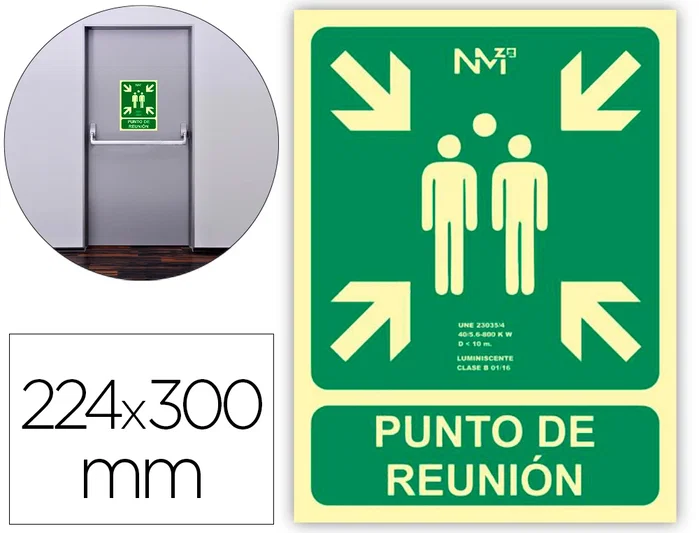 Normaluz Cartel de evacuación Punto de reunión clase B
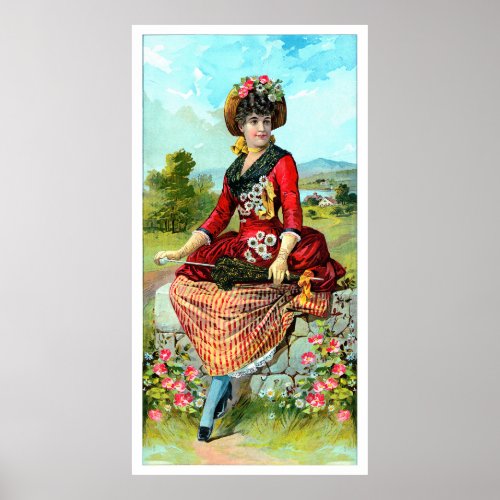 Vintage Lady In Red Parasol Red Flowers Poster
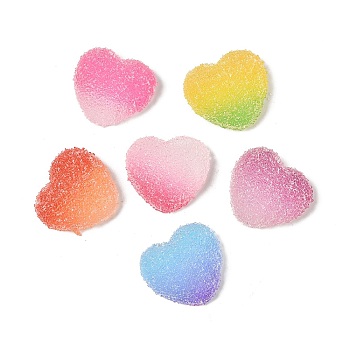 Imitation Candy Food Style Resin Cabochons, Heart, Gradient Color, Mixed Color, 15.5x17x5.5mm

——————

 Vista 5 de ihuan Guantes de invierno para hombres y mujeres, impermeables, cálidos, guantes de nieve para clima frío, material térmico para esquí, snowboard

——————

Problem details
Your answer must be the exact lines from the records above, from the one containing "Normaluz Cartel de" through the one containing "Imitation Candy Food", both included, with every picture left out.

Exercise result
 Normaluz Cartel de evacuación Punto de reunión clase B
 Vintage Lady In Red Parasol Red Flowers Poster
 Imitation Candy Food Style Resin Cabochons, Heart, Gradient Color, Mixed Color, 15.5x17x5.5mm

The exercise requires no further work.